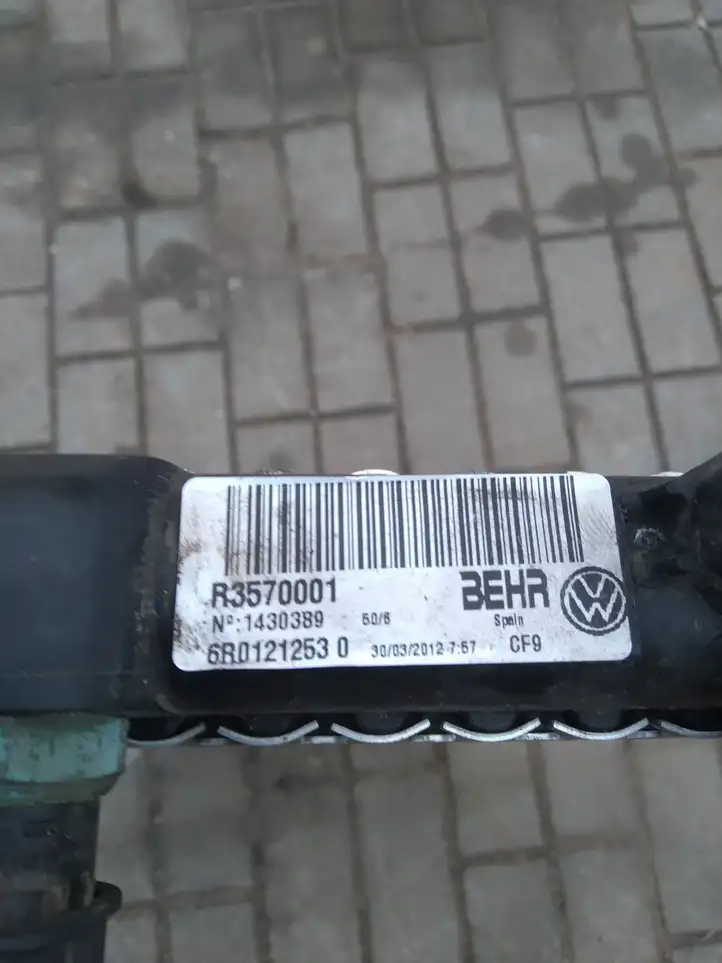 Seat Ibiza IV (6J,6P) (2008 - 2017) 6R01212530 Радиатор охлаждающей жидкости двигателя — фото 2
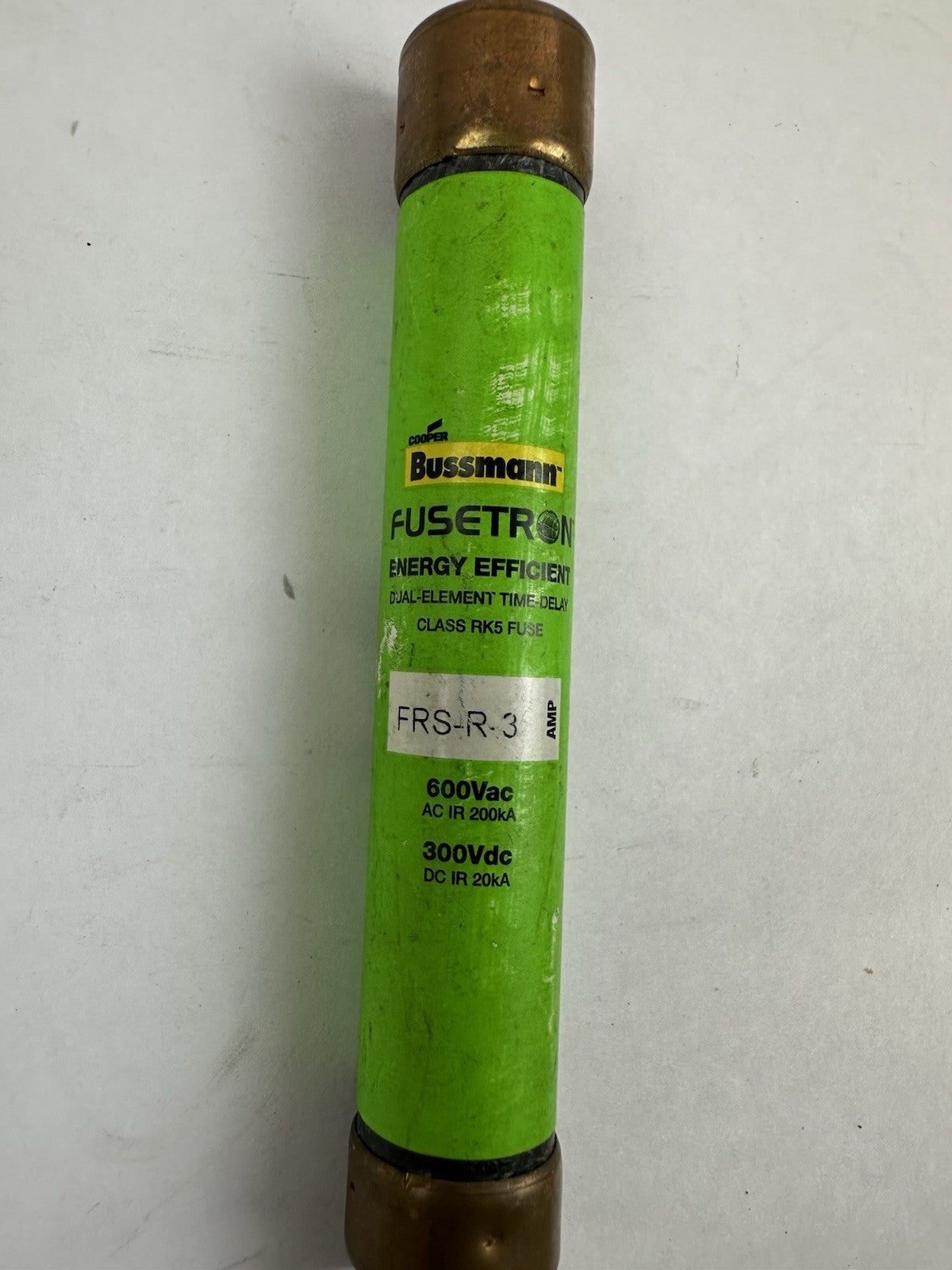 COOPER BUSSMANN FRS-R-3 3A FUSETRON TIME-DELAY CLASS RK5 600V FUSE LOT OF 4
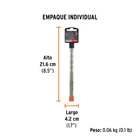 Broca SDS Plus 3/8 x 6', TRUPER 5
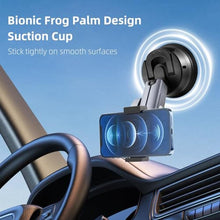 Load image into Gallery viewer, REYGEAK Suction Cup Car Mount with 1/4 Thread, 360 Rotation Windshield Car Mount for GoPro Hero 12 11 10 9 8 Insta360 X4 X3 Go3 DJI Action 4, Pocket 3 Accessories, black_8410
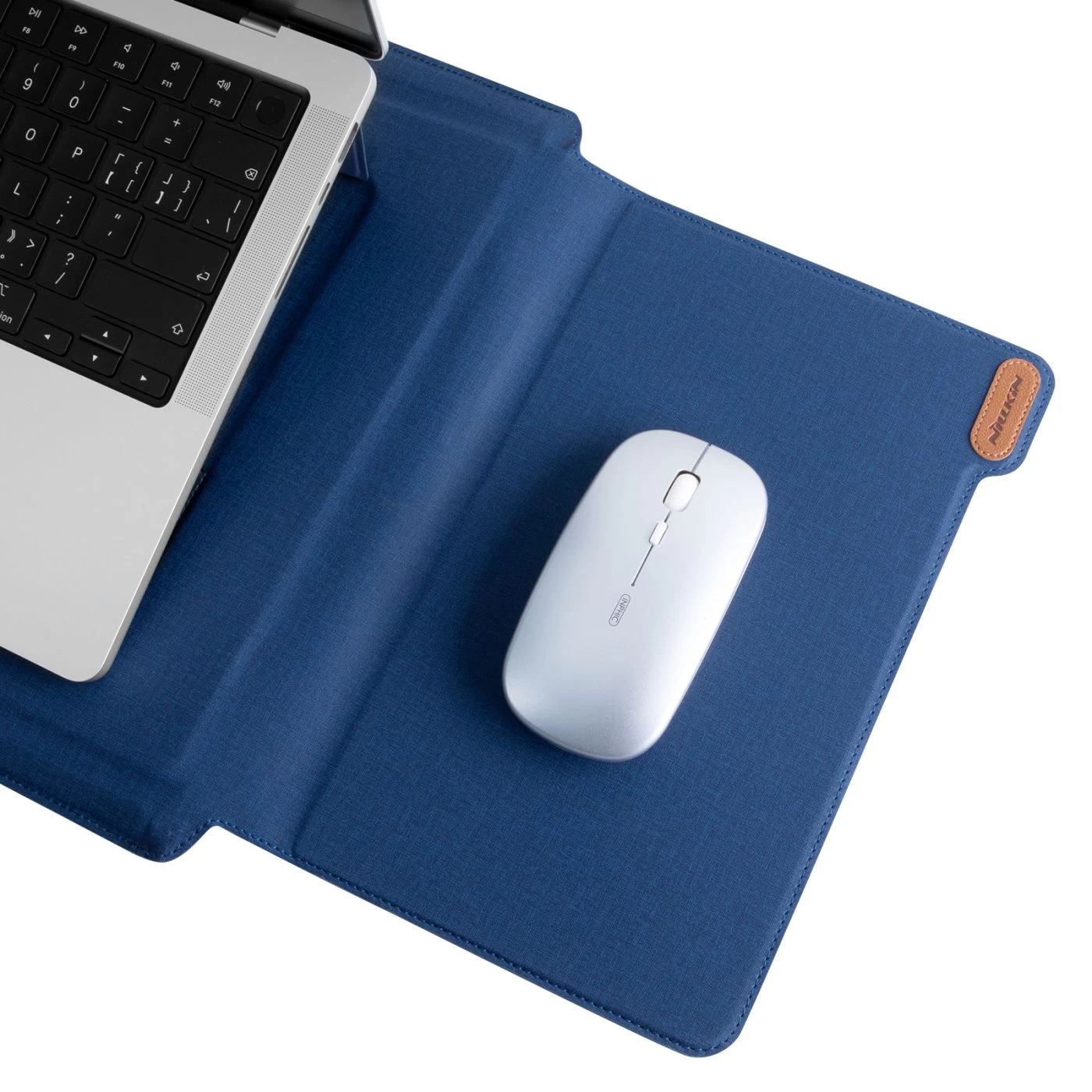 Apple MacBook Laptopfodral blå Nillkin Versatile Plus Laptop Sleeve Macbook 15.6-16.1 (Vegan Leather)
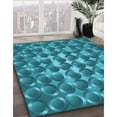 thumbnail image 3 of Ahgly Company Machine Washable Indoor Rectangle Transitional Teal Green Area Rugs, 2' x 4', 3 of 7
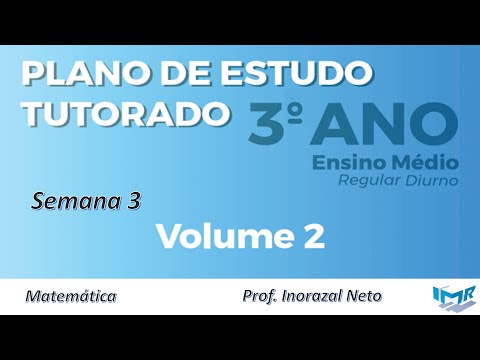 PET Volume 2 - 3º Ano Ensino Médio - Semana 3 - Matemática - Correção das Atividades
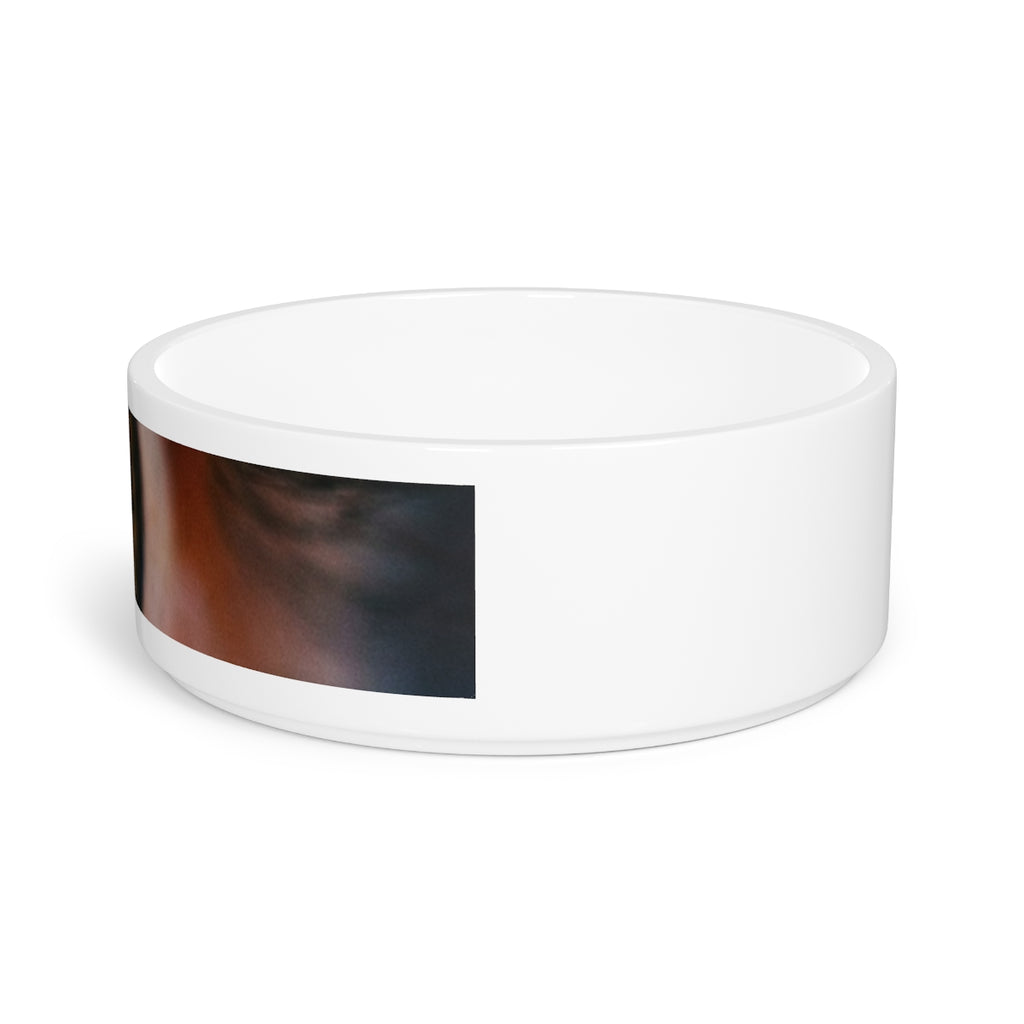 Pet Bowl - Amber Iris Reflection Fine Art Print | Echovira...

──────────

When you reach the line containing "Load image into" in the entries above, begin restating word for word, and stop once the line containing "Apple MacBook Laptopfodral" has been given. Omit the pictures.

 Load image into Gallery viewer, REYGEAK Suction Cup Car Mount with 1/4 Thread, 360 Rotation Windshield Car Mount for GoPro Hero 12 11 10 9 8 Insta360 X4 X3 Go3 DJI Action 4, Pocket 3 Accessories, black_8410
 Apple MacBook Laptopfodral blå Nillkin Versatile Plus Laptop Sleeve Macbook 15.6-16.1 (Vegan Leather)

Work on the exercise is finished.